It's interesting to ask the question of whether Bill O'Reilley is racist and if so to what degree. I've heard a lot of people accuse him of racism, although I think the evidence is mixed. The above video would seem to indicate no. However, then you have the following two videos which may suggest otherwise...
Exhibit A, wherein O'Reilley spontaneously decides to slip in a remark to a black Columbia University professor... oh, by the way, you kind of look like a cocaine dealer!:
http://www.youtube.com/watch?v=VeejS2Sa-bQ
(the professor handles it remarkably well, turning it around on O'Reilley, although I imagine on the inside he must have been like "WTF??")
Exhibit B, wherein O'Reilley very candidly admits that he considers himself a part of the "white power structure" in America which he worries unchecked immigration may threaten:
http://www.youtube.com/watch?v=MC8mNynSJi4
In the 3rd video, I have to chuckle at him a bit for lumping the New York Times in with the "far left". I've never been quite sure what to think of him. He's clearly a step up from Rush Limbaugh, Glen Beck, or Anne Coulter (or John Stossel), but still manages to be annoyingly wrong a lot of the time. Also, he reminds me so much of my father, it's scary! I think they have a lot of the same personality traits.
Comments
http://www.youtube.com/watch?v=F_gQFilltDw
Wow, what an O'Reilley kick I'm on today! This video also has the McDonald's gay-al qaeda comparison clip, although at the end it mentions a tea bagger flying an airplane into an IRS building to protest taxes!
http://www.youtube.com/watch?v=6fxBoXD2X4w
Any idea if the tea bagging terrorist story has any truth to it? If so, I don't know how I went without hearing about this! That's fucking disturbing.
I found another video earlier today that has an interview with some white supremecists just before the 2008 election, who said they were voting for Obama because they thought it would help spark a white power revolution if people realized how far downhill the country had gone that a black man could be elected President.
i'm sure businesses would lose money if they decided not to serve a given segment of the population and that should be punishment enough for bigotry. i don't think there's a good reason for making private businesses serve everyone.
I think sometimes people tend to support certain opinions just to try to be consistent, when the only real argument for consistency in the law is to keep it simple. But simple laws always tend to be the worst laws in terms of screwing people over due to unforeseen exceptional circumstances. I think both Stossel and O'Reilley are guilty of this on different counts here.
i'm sure businesses would lose money if they decided not to serve a given segment of the population
Nowadays, in most cases that's true. When these laws were passed it was not at all true in many areas... a restaurant that allowed blacks to sit and eat next to the whites in the deep south would have been unpopular and lost a lot of business. They were pressured by societal bigotry to cater either to whites or to blacks, but not both.

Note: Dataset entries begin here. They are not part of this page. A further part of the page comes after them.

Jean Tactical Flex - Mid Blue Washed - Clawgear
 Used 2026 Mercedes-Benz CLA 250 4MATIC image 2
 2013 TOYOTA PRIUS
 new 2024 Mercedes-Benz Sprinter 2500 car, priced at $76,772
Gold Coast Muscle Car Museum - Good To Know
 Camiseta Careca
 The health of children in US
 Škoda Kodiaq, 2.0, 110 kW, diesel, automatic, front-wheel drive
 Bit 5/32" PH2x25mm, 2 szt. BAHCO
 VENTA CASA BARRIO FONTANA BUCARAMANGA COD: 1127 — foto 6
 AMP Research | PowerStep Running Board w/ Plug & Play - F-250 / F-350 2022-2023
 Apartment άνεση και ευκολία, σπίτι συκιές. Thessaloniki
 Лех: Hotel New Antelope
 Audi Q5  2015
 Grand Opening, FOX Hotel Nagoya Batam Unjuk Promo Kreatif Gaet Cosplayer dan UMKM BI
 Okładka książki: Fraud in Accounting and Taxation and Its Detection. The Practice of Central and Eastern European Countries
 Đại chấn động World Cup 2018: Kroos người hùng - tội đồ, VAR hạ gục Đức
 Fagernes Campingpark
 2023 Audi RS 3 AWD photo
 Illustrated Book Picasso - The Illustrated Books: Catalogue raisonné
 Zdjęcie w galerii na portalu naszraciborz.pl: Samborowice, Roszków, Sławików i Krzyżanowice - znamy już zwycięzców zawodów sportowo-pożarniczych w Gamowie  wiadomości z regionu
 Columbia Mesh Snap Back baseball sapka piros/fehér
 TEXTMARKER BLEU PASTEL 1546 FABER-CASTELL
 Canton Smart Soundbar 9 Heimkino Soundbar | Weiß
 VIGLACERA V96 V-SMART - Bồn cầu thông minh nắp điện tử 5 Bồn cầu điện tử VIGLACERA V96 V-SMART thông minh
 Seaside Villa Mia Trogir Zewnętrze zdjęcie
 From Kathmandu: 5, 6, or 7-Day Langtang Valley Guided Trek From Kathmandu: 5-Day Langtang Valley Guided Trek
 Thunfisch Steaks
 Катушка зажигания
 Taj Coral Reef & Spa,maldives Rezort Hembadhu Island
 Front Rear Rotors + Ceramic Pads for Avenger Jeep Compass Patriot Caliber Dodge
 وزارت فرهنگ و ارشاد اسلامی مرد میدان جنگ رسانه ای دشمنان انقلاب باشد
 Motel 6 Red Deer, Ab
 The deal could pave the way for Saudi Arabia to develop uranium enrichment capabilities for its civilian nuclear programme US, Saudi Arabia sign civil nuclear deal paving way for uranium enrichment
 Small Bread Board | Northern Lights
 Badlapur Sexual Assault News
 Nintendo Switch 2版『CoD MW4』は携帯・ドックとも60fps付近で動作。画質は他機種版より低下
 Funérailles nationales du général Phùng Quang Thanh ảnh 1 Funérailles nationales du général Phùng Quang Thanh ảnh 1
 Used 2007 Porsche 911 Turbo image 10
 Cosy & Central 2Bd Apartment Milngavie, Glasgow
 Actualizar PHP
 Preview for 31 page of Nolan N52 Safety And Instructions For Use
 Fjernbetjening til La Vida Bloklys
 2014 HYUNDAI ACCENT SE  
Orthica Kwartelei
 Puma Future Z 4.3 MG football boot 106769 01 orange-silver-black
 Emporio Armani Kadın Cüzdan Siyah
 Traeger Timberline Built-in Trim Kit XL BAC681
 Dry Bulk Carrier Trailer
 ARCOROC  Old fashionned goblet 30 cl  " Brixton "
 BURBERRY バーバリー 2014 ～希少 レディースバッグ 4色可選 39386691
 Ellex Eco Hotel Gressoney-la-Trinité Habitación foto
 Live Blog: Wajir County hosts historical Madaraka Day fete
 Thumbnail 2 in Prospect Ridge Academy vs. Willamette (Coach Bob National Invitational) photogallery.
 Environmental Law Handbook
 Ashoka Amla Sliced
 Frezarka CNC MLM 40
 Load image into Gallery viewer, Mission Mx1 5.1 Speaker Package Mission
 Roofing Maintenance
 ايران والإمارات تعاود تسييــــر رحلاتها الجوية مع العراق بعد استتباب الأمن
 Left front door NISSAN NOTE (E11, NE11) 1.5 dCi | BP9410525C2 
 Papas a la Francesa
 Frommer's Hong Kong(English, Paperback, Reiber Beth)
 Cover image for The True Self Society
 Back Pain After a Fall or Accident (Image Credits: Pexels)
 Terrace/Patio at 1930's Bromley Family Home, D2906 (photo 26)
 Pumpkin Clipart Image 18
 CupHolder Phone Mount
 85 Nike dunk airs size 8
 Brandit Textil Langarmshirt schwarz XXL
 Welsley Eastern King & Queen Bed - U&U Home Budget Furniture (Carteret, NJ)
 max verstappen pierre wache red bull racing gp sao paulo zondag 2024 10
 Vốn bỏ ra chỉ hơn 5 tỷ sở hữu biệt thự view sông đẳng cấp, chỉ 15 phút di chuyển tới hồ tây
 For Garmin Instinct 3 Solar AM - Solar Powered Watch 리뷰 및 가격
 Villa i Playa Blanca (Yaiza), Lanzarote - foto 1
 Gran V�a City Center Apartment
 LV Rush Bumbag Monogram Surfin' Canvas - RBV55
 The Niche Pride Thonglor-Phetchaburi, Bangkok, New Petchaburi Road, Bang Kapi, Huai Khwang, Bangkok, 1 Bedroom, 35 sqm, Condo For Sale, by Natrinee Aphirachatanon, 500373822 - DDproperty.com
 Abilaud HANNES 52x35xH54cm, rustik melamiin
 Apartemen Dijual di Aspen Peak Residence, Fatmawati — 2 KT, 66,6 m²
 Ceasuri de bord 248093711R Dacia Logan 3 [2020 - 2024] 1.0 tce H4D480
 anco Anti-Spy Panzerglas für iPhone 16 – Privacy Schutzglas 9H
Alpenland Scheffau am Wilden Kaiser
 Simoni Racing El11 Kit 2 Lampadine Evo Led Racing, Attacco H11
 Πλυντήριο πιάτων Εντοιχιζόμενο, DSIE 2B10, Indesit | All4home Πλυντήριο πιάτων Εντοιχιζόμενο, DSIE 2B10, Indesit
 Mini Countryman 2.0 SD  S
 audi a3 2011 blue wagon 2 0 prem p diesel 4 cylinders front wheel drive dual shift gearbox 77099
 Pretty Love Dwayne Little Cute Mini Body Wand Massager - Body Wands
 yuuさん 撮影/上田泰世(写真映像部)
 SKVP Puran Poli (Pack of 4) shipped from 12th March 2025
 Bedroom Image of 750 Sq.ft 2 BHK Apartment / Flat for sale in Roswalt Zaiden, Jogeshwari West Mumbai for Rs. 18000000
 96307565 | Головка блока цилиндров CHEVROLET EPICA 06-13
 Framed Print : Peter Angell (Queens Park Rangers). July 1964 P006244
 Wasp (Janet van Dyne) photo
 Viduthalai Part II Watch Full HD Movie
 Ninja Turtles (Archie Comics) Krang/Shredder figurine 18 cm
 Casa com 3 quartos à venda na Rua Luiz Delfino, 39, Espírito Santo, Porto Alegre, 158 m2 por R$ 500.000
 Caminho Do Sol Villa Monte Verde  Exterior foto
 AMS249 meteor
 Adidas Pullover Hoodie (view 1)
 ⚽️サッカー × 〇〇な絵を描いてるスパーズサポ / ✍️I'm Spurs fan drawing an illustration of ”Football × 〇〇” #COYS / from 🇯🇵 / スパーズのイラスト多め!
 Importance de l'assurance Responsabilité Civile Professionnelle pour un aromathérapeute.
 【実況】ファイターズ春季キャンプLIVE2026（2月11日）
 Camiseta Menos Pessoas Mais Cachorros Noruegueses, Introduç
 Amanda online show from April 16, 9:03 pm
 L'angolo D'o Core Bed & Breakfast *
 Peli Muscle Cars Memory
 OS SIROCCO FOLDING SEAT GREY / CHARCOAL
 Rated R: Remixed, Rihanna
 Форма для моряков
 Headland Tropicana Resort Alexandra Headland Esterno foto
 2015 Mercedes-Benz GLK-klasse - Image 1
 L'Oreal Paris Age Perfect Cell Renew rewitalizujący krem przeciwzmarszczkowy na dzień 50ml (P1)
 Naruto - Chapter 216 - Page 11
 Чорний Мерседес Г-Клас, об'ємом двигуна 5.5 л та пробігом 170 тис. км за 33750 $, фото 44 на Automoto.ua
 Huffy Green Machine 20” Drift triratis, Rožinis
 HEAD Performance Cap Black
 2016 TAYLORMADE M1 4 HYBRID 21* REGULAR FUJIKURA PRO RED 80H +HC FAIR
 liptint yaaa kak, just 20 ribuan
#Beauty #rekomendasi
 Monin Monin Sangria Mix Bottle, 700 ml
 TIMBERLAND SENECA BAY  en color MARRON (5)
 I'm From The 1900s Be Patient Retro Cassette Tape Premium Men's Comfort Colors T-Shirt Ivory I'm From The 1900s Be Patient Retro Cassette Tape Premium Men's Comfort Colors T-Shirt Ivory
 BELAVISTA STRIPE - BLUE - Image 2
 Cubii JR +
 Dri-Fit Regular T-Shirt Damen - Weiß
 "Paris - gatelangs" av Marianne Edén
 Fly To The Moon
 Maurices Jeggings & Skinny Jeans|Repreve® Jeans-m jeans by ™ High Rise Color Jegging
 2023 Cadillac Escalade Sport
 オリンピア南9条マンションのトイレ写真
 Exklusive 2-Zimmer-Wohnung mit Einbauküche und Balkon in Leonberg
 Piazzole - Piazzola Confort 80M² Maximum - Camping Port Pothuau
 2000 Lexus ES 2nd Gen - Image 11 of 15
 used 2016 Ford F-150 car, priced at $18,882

Today, the social pressure is a lot more universally towards integration and getting along, than towards segregation and racism. However, this is still not universally true in all towns, so it's worth having the laws around for a while longer until that gets fixed. And while it may be almost entirely true now for restaurants, it's far from true for the housing market or the job market. There's still a lot of pressure towards discrimination there. In the job market, in fact, I think it often pays to stereotype. It's not as fair, but it is faster to look at someone's skin sometimes and make statistical judgements based on it rather than look at their actual ability.
It's the same issue with racial profiling in pulling people over to check for drugs. It may be true that there are more dark skinned crack dealers than light skinned, but that doesn't mean you should inconvenience everyone who happens to have that color skin. They didn't do anything wrong other than be born with that skin color.
And actually, I don't see any reason to favor integration over segregation. I am working somewhere where every single person who is in a technical job is either white or asian, and some 80% of service employees (guards, kitchen staff, etc) are black. everyone gets along, so what's the problem?
I don't see any reason to favor integration over segregation. I am working somewhere where every single person who is in a technical job is either white or asian, and some 80% of service employees (guards, kitchen staff, etc) are black. everyone gets along, so what's the problem?
Everyone "got along" under slavery too. Servants hardly complained, everything must be fine! Easy to say "I don't see any problem with it" if you're in the privileged side of the job market. But how many on the non-privileged side don't think there's a problem?
Yes, integration has always posed challenges for getting along. Many neo-conservatives have accused it of causing race riots and other social problems. Segregation is easier in some ways, but that doesn't mean it's better. Integration was the most difficult when it first started and people weren't used to it. But the payoff to cost ratio is a lot better now that we're through the roughest patch.
i don't think people got along under slavery. people ran away and got whipped and raped. that's not so good.